Erik snorted with faint amusement.

“So, yes, he was one of my fellow countrymen to begin with, but he lived very little of his life there. His father was a merchant who sailed the trade routes to Seles, if legend is to be believed, back in the days when they were still importing elephants and silk and spices in exchange for good Aquitainian wool and wheat. More than two-hundred years ago.”

“Hm.”

“Le Duc had a chance to witness Sel magic up close, and in a non-combat scenario. He and his family spent a lot of time on the Half-Point Islands, talking to the locals. This man.” He tapped the page. “Lived through the Selesee overthrow of the Islands. Le Duc copied down his firsthand account of the battle, such as it was. The Islanders’ spears and shields didn’t last five minutes against the battle mages.”

Erik didn’t comment, but scooted closer, until his hair fell silky and fragrant against Oliver’s neck, and they could read together.

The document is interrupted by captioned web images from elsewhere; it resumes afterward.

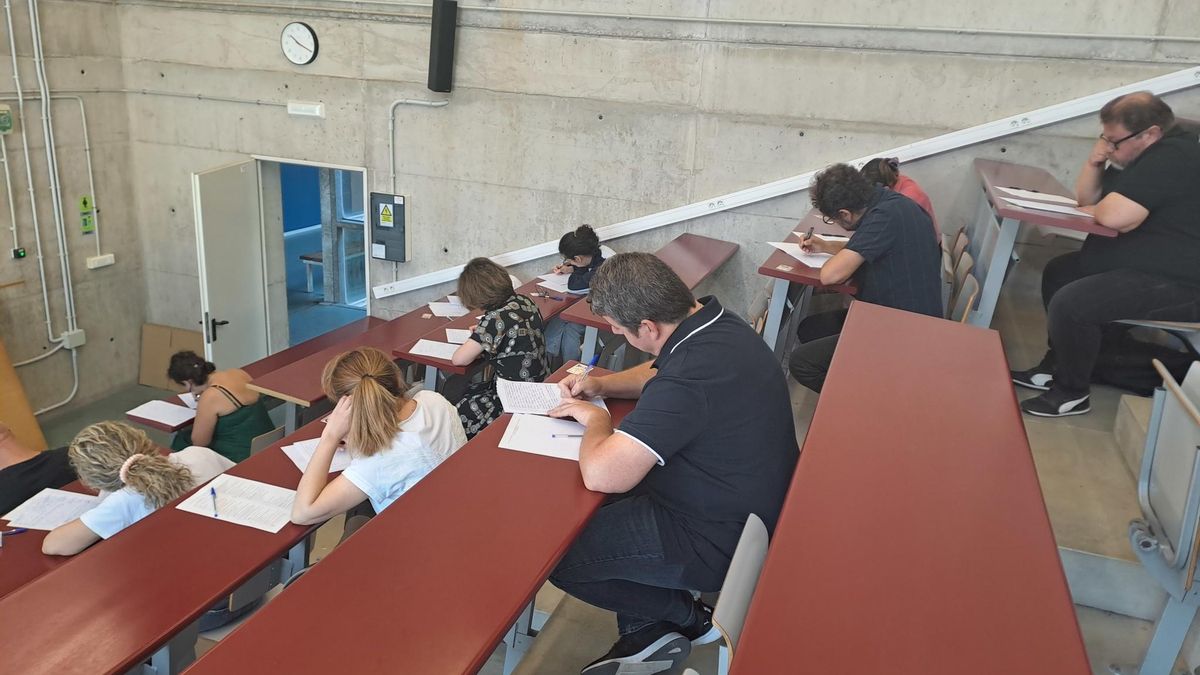 'Escabechina' en las oposiciones de auxiliar de enfermería de la Región de Murcia: solo 10 aprobados entre los más de 3.300 aspirantes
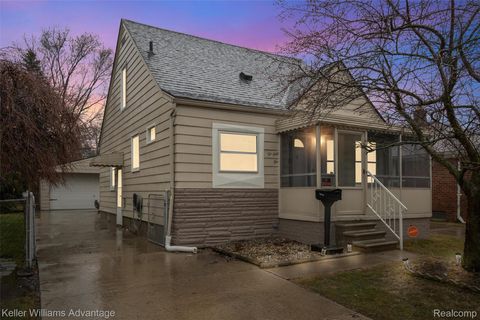 1045 Detroit Avenue Lincoln Park City MI 48146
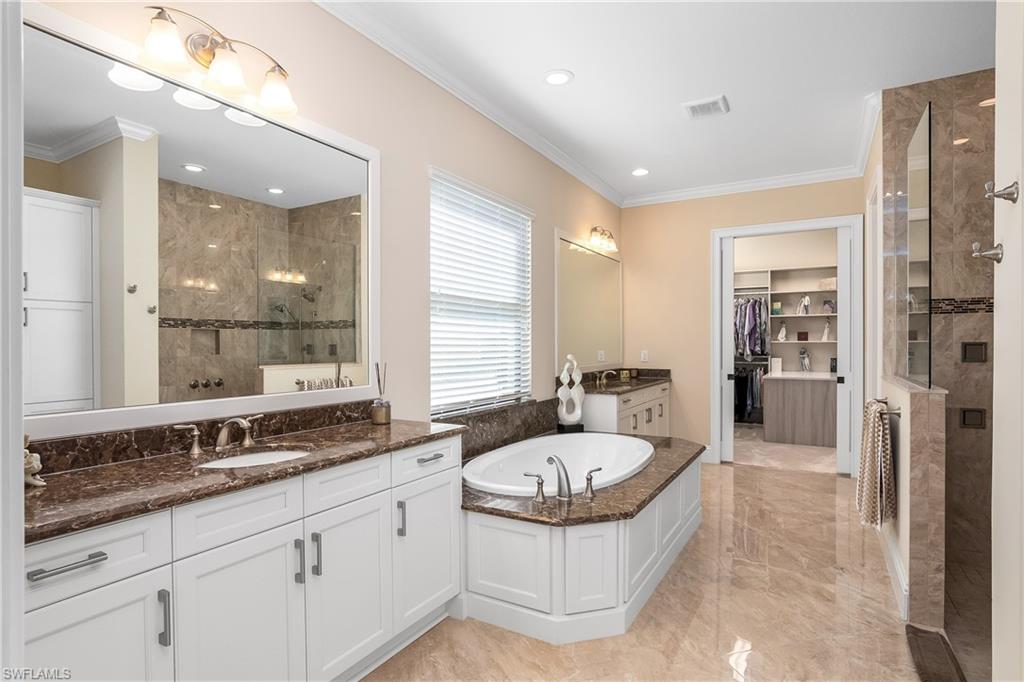 TWIN EAGLES - Residential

“‘They could throw stones without touching them,’” Erik read aloud. “‘And fused them together with earth and sand to form great floating weapons, to build ramps over the sea walls, and siege engines with which to batter down doors.’”

“It’s the closest I’ve gotten to evidence they could do something like build the bridge that we found. There are only vague mentions of rumors in the books written on this continent: control of the weather, of enchantment and shapeshifting. That sort of thing.” Oliver turned the page, and the Islander’s account continued. “Look: ‘Once they’d slain many of my brothers, a mage robed all in the colors of dawn stepped forward and lifted their corpses into the air; made them dance, made them…fight us.’”

Oliver blinked, and then turned to Erik – close enough for his breath to stir silver-shot braids – to find a single brow lifted. “That sounds like…”

“Reanimation of the dead,” Erik said. “Aye. Like Náli.”

His memories were blurred with the ice rose he’d taken, blue-tinged, hazy, and sluggish, but Oliver recalled an army of skeletons dressed in rags, rusted swords hacking at their enemies.

Erik’s other brow lifted. “Before you go thinking the North is beset with Selesee magic–”

“You don’t know what I was thinking.”

“Hush. Before you do, consider that Northern magic – raising the dead, communing with them; dragon-riding and shape-shifting – goes all the way back to the very founding of Aeretoll. It’s old. Similarities aren’t evidence that we are the same as the Sels, much less descended of them.” He sounded revolted by the very idea. The furrow between his brows betrayed more than revulsion; Oliver sensed worry, also.

“How do you think magic came to this land?” he asked, quietly, and marked the muscle that leaped in Erik’s clenched jaw.

“I don’t know, but it wasn’t from them.”

You don’t know that, Oliver thought. You can’t know it, and you’re wondering if the general was right, just like I am.